Mit der beiliegenden Karte, dem zentralen Produkt der Arbeit, schafft Streule einerseits ein eingängiges visuelles Wissenschafts-Imaginario von Territorien innerhalb der Stadtregion (vgl. 69). Dem textlichen Teil der Arbeit zieht sie damit andererseits den Stachel, da die farbig eingetragenen ‚dominanten‘ Prozesse (rosarote Bereiche metropolitaner Zentralitäten, grüne Zonen urbanisierter Dörfer, gelbe Industrieregionen etc.) zumindest visuell die Antagonismen verdecken, die sie selbst regelmäßig betont (siehe oben).

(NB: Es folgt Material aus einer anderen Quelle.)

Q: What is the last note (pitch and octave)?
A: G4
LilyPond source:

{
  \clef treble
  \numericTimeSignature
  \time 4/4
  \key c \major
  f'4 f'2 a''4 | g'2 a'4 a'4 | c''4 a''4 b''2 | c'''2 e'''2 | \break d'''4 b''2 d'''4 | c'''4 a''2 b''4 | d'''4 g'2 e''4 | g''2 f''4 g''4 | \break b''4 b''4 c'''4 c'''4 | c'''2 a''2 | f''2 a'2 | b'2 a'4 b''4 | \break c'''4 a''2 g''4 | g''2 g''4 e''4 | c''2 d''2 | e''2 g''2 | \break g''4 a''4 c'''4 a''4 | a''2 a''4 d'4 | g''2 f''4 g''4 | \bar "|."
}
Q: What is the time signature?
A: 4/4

Das ist jedenfalls dann der Fall, soll die Karte wie von der Autorin als Repräsentation von Urbanisierungsprozessen und nicht von Narrativen verstanden werden. Streule selbst bezeichnet ihre Methoden als experimentell (24ff.), und sie haben meines Erachtens auch das Potential, den qualitativen Methodenkanon zu erweitern sowie bestehende Konzepte wie den go-along zu verfeinern. Mit den offenen Fragen, die die Arbeit stellenweise hinterlässt und auf die Streule selbst verweist (66), trägt sie zur Methodendiskussion wertvolles ‚Futter‘ bei.

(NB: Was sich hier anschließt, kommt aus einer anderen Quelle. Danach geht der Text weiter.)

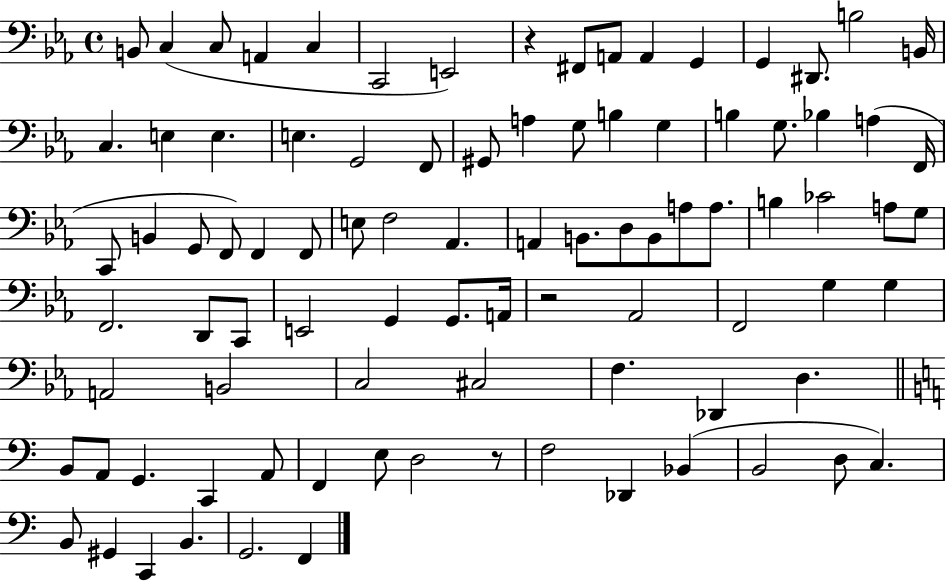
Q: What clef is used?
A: bass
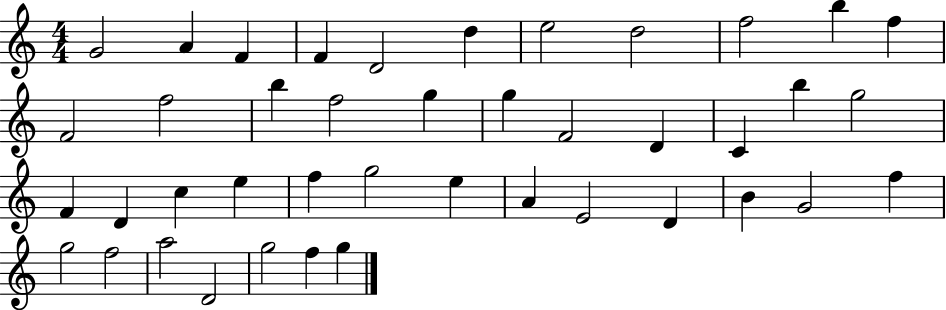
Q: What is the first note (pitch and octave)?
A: G4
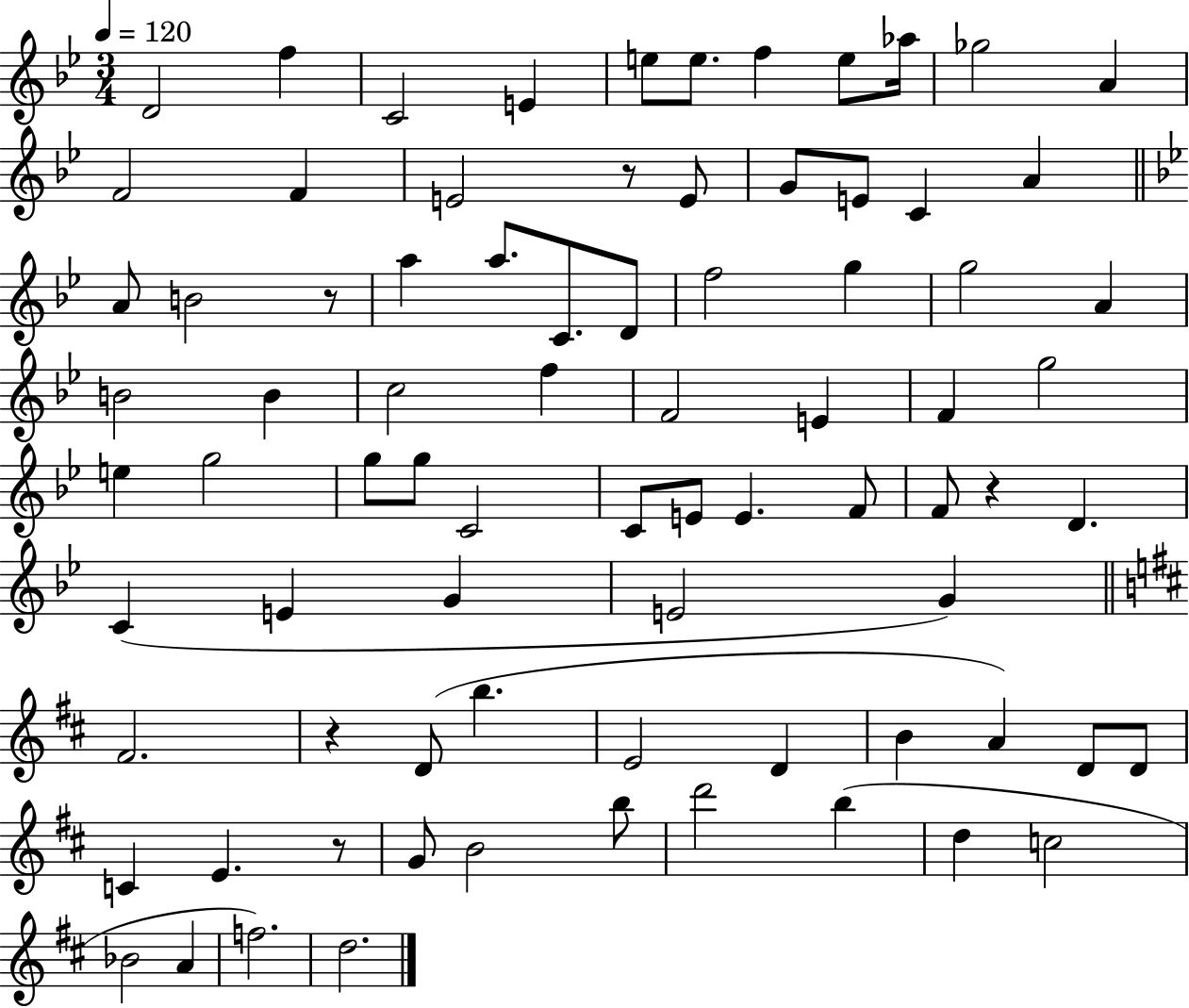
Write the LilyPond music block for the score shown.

Abschließend möchte ich festhalten, dass die methodologischen Desiderata nicht im Widerspruch zu dem insgesamt überzeugenden Narrativ stehen, das Streule über Mexiko-Stadt entwickelt. Liest man diese Arbeit als regulationstheoretisch informierte und empirisch unterfütterte Erzählung über Mexiko-Stadt mit kritischem Impetus, dann schafft sie es, „zu einer Welt urbaner Phänomene [zu] sprechen“ (311). Denn die Arbeit ist sowohl anschlussfähig an eine translokale Theoriebildung als auch an eine dezentralisierte Begriffsbildung (Lanz 2015: 124). Das imaginario (Huffschmid/Wildner 2013: 20f.), das Streule eng an den Begriff des Territoriums knüpft (75), ist eines der lateinamerikanischen Konzepte, das hier etwa Eingang findet. Streule schafft damit ein wichtiges empirisches Referenzwerk für den deutschsprachigen Raum, an dem sich künftige Mexiko-Stadt-Forscher_innen werden abarbeiten können. Sie skizziert die identifizierten Prozesse dicht, detail- und kenntnisreich. An dieser Stelle ist auch das mehr als umfassende Datenmaterial zu betonen, das in die Arbeit eingeflossen ist. Das besteht nicht nur aus den Feld- und Gesprächsnotizen, sondern aus einem großen Pool an wissenschaftlicher Literatur, Filminterpretationen und Zeitungsartikeln (86). Sie beschreibt in den empirischen Kapiteln sehr anschaulich, welchen Einfluss etwa verschiedene Finanzakteure oder einzelne Politiker_innen auf die Stadtpolitik nahmen und nehmen, und wie ökonomisch gut und weniger gut situierte Stadtbewohner_innen mit der marktförmigen Urbanisierung umgehen. Mit diesen inhaltlichen und außerordentlich reichen Erörterungen bietet Streule einen fundierten Ansatzpunkt für vergleichende Untersuchungen von Urbanisierungsprozessen.

Autor_innen

Giulia Montanari ist Sozialgeografin mit Schwerpunkt auf qualitativen und insbesondere visuellen Methodologien in der Geographie sowie Stadt- und Familienforschung.

gmontanari@gmontanari.de

Literatur

Huffschmid, Anne / Wildner, Kathrin (2013): Das Urbane als Forschungsfeld: Öffentlichkeit, Territorien, Imaginarios. In: Anne Huffschmid / Kathrin Wildner (Hg.): Stadtforschung aus Lateinamerika – Neue urbane Szenarien: Öffentlichkeit – Territorialität – Imaginarios. Bielefeld: transcript, 9-28.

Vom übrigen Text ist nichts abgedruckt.